Pilgerfahrten endeten aber nicht alle so schrecklich wie die des unglücklichen Koloman. Der Brauch geht auf die Spätantike zurück, bis ins 10. Jahrhundert blieben die Wallfahrten Einzelunternehmen. Danach gab es immer mehr lange, gut vorbereitete »Gruppenreisen« zu den heiligen Stätten, die schließlich zu einem Massenphänomen wurden. Der mittelalterliche Mensch war – was uns heute immer wieder in Erstaunen versetzt – äußerst mobil, ganz im Sinne der christlichen Definition des Menschen als Wanderer auf der Erde, als homo viator. Jeder Christ wünschte von Herzen, mindestens einmal in seinem Leben die Stadt der Passion Christi zu sehen, Jerusalem war das begehrteste Ziel. Wallfahrten führten aber schon damals auch zu den Apostelgräbern in Rom und Santiago de Compostela, dann kamen noch weitere Ziele dazu, wie Montserrat, Assisi, Altötting, Canterbury, Tschenstochau oder Köln. Die Pilgerwege verbanden ganz Europa, es waren dieselben alten Wege, die streckenweise auch von Händlern, Handwerksburschen und Studenten benutzt wurden, und auf denen Waren, aber auch Neuigkeiten ihren Weg durch ganz Europa fanden und die den Kulturaustausch über alle Sprachgrenzen und Gegensätze hinweg ermöglichten. Etliche Pilger gingen allerdings nicht ganz freiwillig auf ihre Pilgerfahrt, wenn ihnen von der weltlichen oder kirchlichen Obrigkeit eine Sühnefahrt wegen eines eigenen Verbrechens oder stellvertretend wegen des Verbrechens eines Familienmitglieds (siehe S. 75) auferlegt worden war. Da höchstens die Hälfte der Pilger wiederkehrte, konnte man darin ein Gottesurteil sehen.

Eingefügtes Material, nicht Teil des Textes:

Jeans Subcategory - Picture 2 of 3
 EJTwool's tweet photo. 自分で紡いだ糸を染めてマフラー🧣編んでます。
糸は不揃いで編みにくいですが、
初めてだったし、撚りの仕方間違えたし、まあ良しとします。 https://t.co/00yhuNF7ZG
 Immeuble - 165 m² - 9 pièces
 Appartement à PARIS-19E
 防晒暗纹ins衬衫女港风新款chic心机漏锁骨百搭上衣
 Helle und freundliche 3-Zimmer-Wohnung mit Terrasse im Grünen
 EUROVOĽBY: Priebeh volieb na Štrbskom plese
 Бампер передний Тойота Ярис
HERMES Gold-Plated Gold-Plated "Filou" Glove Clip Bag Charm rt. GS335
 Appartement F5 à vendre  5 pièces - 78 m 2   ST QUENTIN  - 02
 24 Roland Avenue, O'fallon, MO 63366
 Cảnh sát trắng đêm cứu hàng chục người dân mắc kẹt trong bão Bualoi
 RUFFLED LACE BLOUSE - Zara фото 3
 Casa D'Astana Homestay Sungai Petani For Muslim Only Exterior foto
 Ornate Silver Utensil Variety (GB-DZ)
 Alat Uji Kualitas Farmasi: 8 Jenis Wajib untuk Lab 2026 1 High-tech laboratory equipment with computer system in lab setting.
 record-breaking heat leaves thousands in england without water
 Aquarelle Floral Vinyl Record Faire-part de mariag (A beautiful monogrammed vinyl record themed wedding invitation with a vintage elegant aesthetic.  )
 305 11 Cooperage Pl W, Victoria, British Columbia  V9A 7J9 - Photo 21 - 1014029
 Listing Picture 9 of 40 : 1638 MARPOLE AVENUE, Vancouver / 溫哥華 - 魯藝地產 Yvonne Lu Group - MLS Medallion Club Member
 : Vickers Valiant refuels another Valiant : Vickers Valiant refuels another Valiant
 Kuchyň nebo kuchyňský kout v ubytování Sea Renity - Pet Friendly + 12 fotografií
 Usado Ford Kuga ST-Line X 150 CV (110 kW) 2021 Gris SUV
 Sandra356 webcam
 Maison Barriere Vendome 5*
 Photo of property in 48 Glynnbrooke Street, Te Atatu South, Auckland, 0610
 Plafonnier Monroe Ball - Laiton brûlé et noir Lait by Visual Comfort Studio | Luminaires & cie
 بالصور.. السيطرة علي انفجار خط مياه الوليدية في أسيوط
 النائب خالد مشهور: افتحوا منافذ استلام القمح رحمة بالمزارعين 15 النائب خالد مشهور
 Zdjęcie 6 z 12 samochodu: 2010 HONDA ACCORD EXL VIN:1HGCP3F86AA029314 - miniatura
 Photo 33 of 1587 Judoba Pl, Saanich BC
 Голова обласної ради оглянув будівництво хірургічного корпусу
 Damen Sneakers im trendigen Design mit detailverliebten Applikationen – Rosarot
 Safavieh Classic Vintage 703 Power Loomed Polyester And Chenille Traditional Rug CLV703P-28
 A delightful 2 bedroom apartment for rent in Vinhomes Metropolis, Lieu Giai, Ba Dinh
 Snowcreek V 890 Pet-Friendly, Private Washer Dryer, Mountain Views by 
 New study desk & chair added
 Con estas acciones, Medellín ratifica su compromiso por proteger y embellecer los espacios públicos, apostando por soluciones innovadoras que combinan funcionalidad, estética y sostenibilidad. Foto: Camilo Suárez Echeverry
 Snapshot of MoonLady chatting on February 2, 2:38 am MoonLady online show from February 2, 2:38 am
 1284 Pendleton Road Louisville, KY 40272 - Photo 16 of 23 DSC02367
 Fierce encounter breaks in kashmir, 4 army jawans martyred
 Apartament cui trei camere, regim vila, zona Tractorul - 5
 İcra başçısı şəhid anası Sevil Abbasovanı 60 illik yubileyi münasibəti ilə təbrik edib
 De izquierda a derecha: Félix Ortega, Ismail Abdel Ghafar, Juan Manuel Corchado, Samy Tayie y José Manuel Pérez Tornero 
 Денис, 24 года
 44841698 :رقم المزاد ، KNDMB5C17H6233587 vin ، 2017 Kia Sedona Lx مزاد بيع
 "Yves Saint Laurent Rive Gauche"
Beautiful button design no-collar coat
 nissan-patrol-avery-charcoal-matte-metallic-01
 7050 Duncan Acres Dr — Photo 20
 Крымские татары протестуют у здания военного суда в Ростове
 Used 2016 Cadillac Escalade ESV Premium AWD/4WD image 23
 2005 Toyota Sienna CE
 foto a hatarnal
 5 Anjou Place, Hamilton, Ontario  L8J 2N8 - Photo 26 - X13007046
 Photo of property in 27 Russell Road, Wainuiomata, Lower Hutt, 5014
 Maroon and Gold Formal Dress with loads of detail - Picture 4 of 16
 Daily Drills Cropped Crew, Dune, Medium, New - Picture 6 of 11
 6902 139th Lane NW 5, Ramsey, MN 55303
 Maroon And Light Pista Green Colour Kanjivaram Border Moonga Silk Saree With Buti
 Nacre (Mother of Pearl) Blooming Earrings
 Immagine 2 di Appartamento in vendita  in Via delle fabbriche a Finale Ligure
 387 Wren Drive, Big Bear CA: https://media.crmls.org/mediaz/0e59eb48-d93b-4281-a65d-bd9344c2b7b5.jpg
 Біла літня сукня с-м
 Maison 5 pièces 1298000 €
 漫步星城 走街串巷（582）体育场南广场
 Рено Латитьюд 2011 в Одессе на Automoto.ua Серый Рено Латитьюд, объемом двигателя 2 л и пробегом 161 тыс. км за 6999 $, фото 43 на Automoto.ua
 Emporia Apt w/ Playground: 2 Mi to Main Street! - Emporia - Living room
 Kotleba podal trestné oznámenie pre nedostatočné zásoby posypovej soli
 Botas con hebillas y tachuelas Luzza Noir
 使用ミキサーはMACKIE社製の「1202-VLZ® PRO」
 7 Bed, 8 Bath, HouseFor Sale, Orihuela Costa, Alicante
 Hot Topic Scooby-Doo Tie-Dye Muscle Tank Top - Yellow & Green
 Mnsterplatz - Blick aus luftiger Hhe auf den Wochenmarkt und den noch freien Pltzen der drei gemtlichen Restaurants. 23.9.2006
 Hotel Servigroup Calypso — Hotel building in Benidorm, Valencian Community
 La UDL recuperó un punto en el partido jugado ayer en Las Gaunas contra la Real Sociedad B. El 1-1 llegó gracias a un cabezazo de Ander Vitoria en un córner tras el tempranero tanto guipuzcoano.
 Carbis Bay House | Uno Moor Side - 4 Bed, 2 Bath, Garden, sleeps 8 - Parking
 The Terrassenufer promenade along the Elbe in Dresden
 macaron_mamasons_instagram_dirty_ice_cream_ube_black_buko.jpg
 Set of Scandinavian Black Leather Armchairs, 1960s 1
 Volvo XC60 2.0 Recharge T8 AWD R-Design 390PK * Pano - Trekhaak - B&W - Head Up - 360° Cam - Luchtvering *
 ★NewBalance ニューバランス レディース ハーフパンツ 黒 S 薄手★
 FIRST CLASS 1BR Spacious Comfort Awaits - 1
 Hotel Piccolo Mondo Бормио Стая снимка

Der Kolomanistein am Stefansdom wurde von unzähligen Pilgern berührt

Erkennbar waren die Pilger an besonderen Zeichen, beispielsweise der Pilgermuschel der Jakobspilger, die am Hut getragen wurde. Dieses gewährte besonderen rechtlichen Schutz und öffnete Tür und Tor, denn schon die einem Pilger gewährte Gastfreundschaft galt als gottgefälliges Werk. Städte wie Wien beschränkten allerdings das maximale Aufenthaltsrecht der Pilger innerhalb der Stadtgrenzen auf drei Tage, da sich nicht alle durch Frömmigkeit auszeichneten, sondern auch etliche »Pülcher« darunter waren.

Die Tracht10 des Pilgers war solide und wetterfest. Er trug ein paar feste Halbschuhe oder Stiefel, die auch nach langem Gebrauch nicht unbrauchbar werden durften, nach Möglichkeit nahm er noch ein Reservepaar mit. Das Wams war an der Hose befestigt, darüber wurde ein einfacher, meist knielanger tunikaähnlicher Schlupfrock getragen, der mit einem Gürtel zusammengehalten wurde. Ein langer, warmer Mantel aus wasserfestem Loden war wichtig, denn er schützte den Pilger nicht nur vor Kälte und Nässe, sondern diente auch als Decke für die Nacht. Der Hut mit weiter Krempe, auf der das Pilgerabzeichen angebracht war, schützte vor Regen. Der Brotbeutel aus Leder für den Reiseproviant mit Teller, Messer und Trinkbecher wurde mit einem Riemen über der Schulter in Höhe der Taille getragen, dazu kam die Wasserflasche, oft eine Kürbisflasche, und der Pilgerstab aus Holz, möglichst mit einem Haken an seinem Ende. An diesen konnte man Mantel und Flasche hängen, um die Last besser zu verteilen. Natürlich diente er auch als Stütze in unwegsamem Gelände und konnte zum Herunterschlagen von Äpfeln, Birnen und Nüssen oder als Waffe gegen wilde Tiere oder Räuber verwendet werden.